I’m trying to figured out the how to configure following maybe somebody can help
I need users connect to one SSID.but I do not want to use hotspot package
After user is connected I will add him to access list manually but unti than user cannot connect to internet.
After user is added to access list I need to isolate the traffic through two different vlans
In addition to that I need this to be performance focused so I need to use HW acceleration (no CPU)
Doe anyone has any examples how correctly configure this?
If you want to do it in hardware, then you’ll have to tell which hardware. BTW anything passing wireless can’t be HW offloaded, only traffic between ethernet ports (managed by same switch chip) can be handled in hardware.
by any chance do you have any configuration example for caps-man with ACL
What about manual configuration without caps-man? any examples?
Currently I’m trying to implement something like VLAN on a bridge in a bridge https://wiki.mikrotik.com/wiki/Manual:Layer2_misconfiguration
Only a complete psycho path wants to use capsman, i avoid it like covid lol.
The only time is if you have so many capacs they are untenable otherwise but then i would have to chastise you for getting so many of what most consider a sub standard wifi device.
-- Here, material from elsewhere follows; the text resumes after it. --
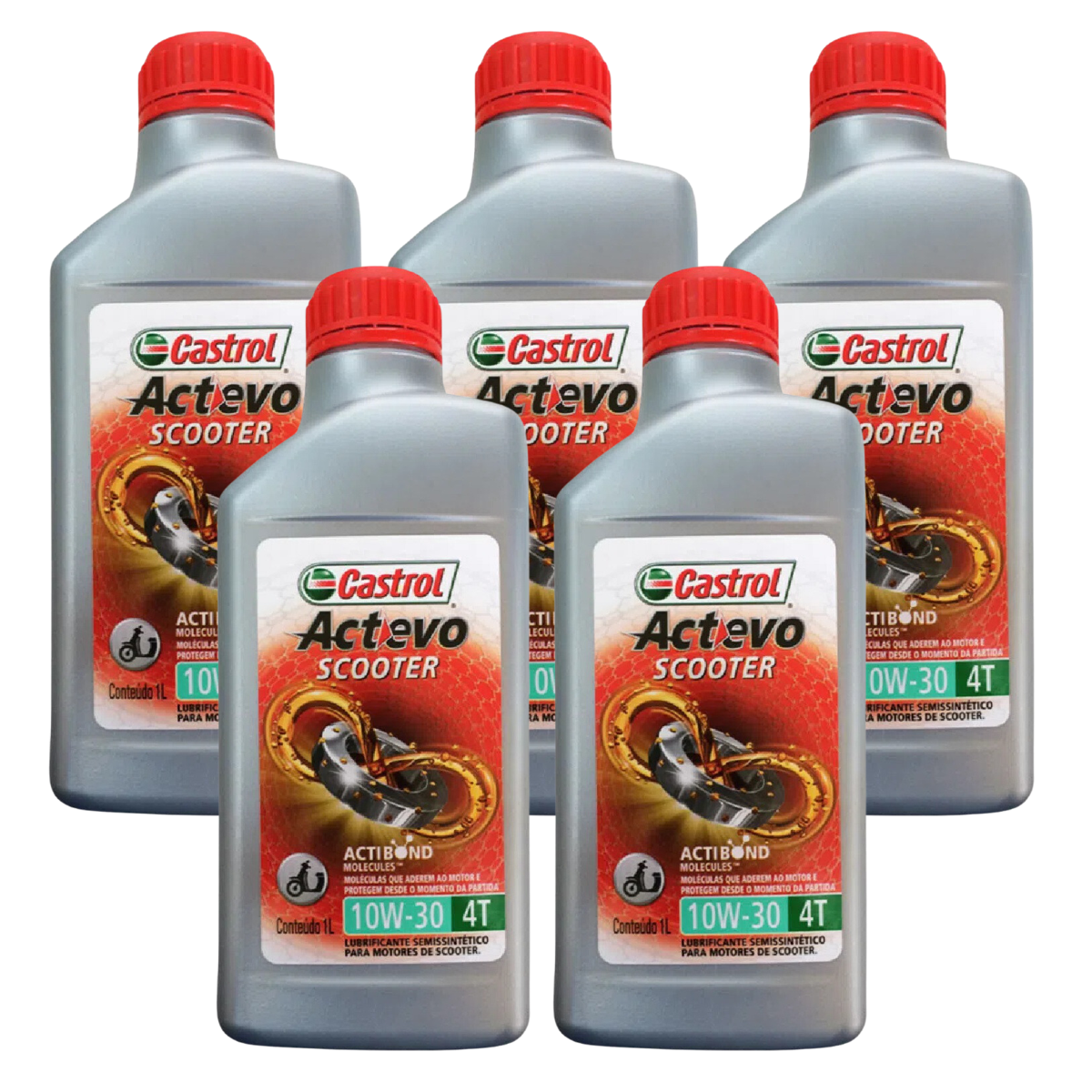 Kit 5 Litros Óleo Motor Moto Actevo Scooter 4T 10W30 Api Sl Semissintético - Castrol - 3426862 - (1)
Standalone will do that as well with the access-list, even if it is not DPSK (Ruckus way).
Other possibility is using EAP-Enterprise RADIUS authentication for another centralised VLAN allocation database.
RADIUS authentication can be MAC based or username (PEAP/MSCHAPv2) based, so that will work for “local administered MAC addresses” as well.
Usermanager 5 (ROS 7) does support EAP/PEAP/MSCHAPv2 for wifi authentication.
The Engenius crap I was subjected to yesterday has a myPSK option. You assign different passwords on the same SSID. Then those break out to different VLAN tags.
The service is part of their Pro license, and requires you to pay $50 per access point on your network per year.
The access points really were the brains of the system. With a pretty serious"control panel" interface. Sure had some pretty graphics and slick GUI…
The switches were the problem at yesterday’s deployment. Seems Engenius absolutely lied in their marketing (no F–king surprise there), that with their pro licence… You get topology maps that INCLUDE non Engenius devices. Yeah… That didn’t actually work. Support said they would need to get back to me, about why it didn’t work as advertised and promised. It even shows in their online document and demonstration.
You can’t even open a hosts table on the switches. Leaving you completely lost when you are trying to figure out where something is plugged into.
(And if you think I give Mikrotik S–t about the wifi drivers… Just wait and see what I am gonna do to the project manager for this crap.)
Cambium on the other hand… Using EPSK does what it promised. You can either use a password with no Mac address and define a VLAN. Or tie a Mac address to a password too pick a VLAN.
The radio performance of their WiFi 6 gear is closer to the Ruckus gear I have relied on for years.
@bpwl Would you be able to share configuration example how to attach multiple vlans to single SSID and use EAP-Enterprise RADIUS authentication to assign device to proper vlan?